▶ EXERCISE DIRECTIONS: Working through the data below, reproduce word for word the line with "makingof de noiva, noivas" and every line after it, both ends included, and omit the pictures.

··· EXTRACTED RECORDS ···

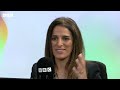 Will AI crown the World Cup winners? | BBC News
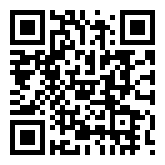 http://www.nuojin.vip/post/69859.html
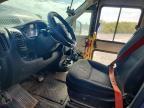 2022 Dodge RAM Promaster 3500 Delivery Truck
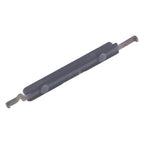 For Honor X7b 5G 10pcs Original Volume Control Button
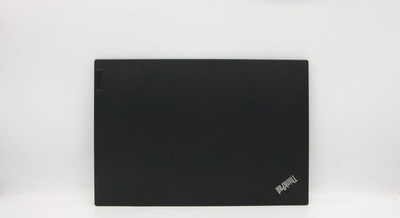 Заштитен капак Lenovo Thor Intel FRU Cover, оригинален дел, за лаптоп Lenovo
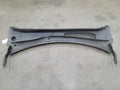 2016-2025 Volvo XC90 Windshield Cowl Panel Cover Grille Air Inlet OEM 31424477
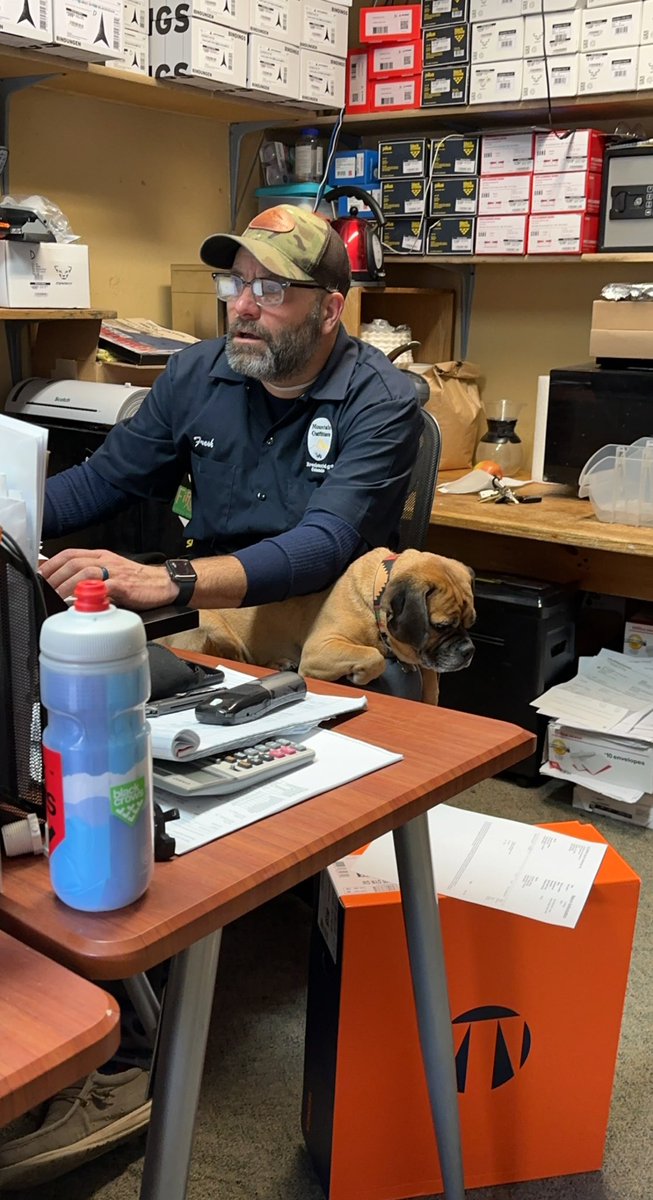 Justin Greenbaum tweet media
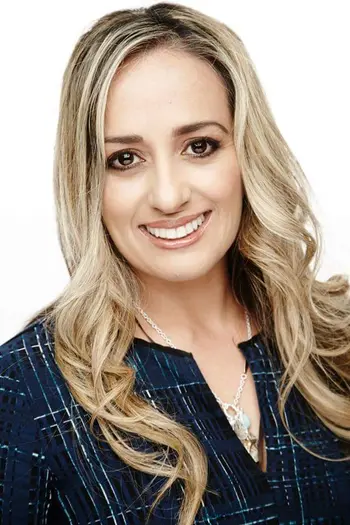 Aimee Heisler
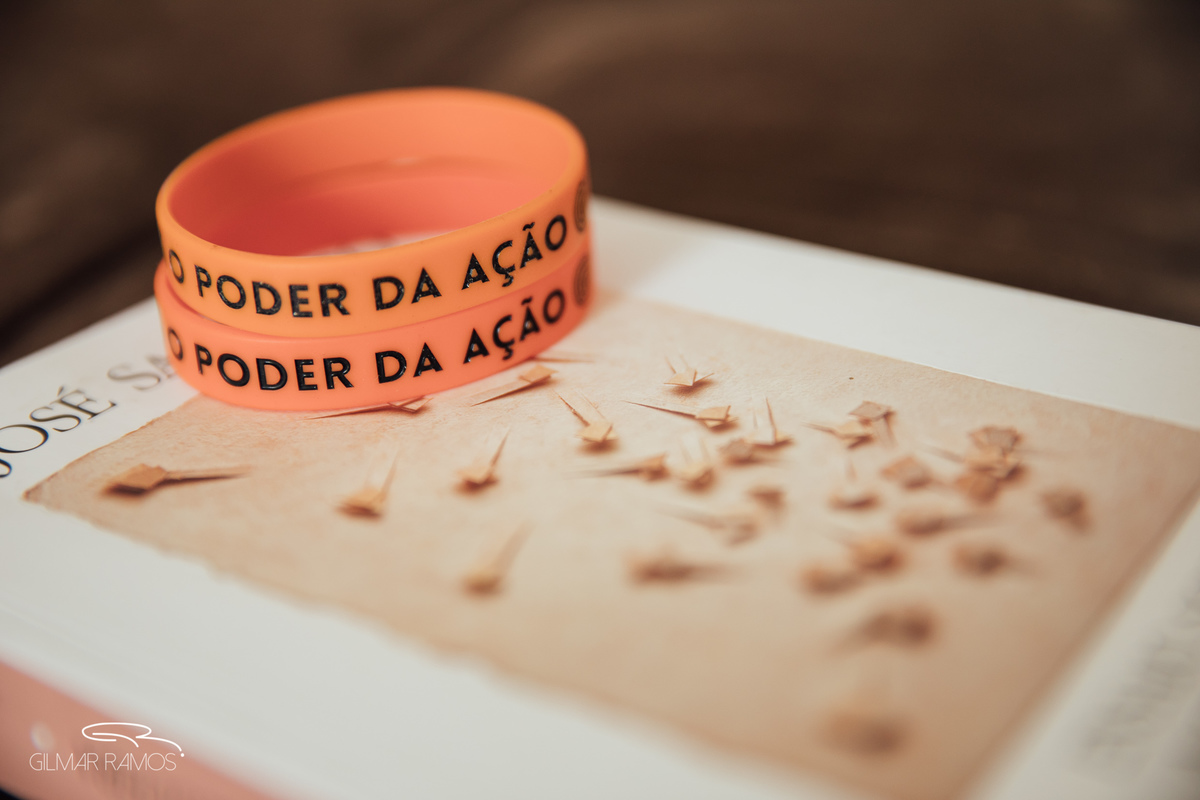 makingof de noiva, noivas campos, ensaio pré-casamentos, casamentos em campos dos goytacazes, casamentos búzios, fotógrafo de casamentos campos dos goytacazes, fotografia de casamento campos dos goytacazes, casamentos, casamentos, mini wedding campos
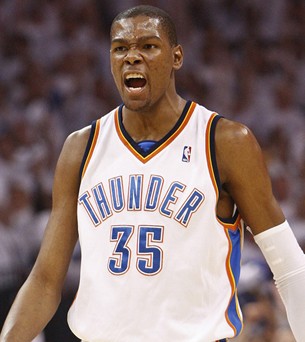 间实力的对 间实力的对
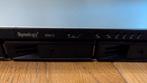 Synology RS815 rack mount NAS, Ophalen, Gebruikt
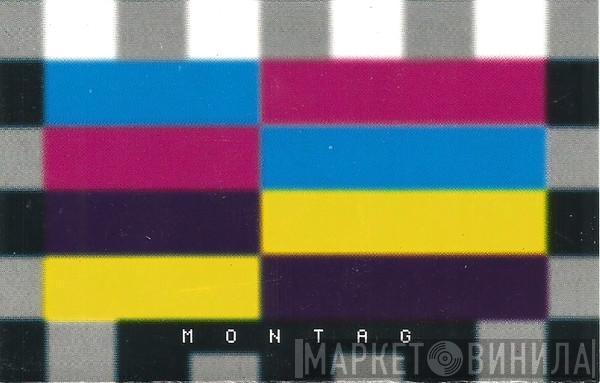  New Order  - BlueMonday-95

···

▶ WORKED SOLUTION:
 makingof de noiva, noivas campos, ensaio pré-casamentos, casamentos em campos dos goytacazes, casamentos búzios, fotógrafo de casamentos campos dos goytacazes, fotografia de casamento campos dos goytacazes, casamentos, casamentos, mini wedding campos
 间实力的对 间实力的对
 Synology RS815 rack mount NAS, Ophalen, Gebruikt
  New Order  - BlueMonday-95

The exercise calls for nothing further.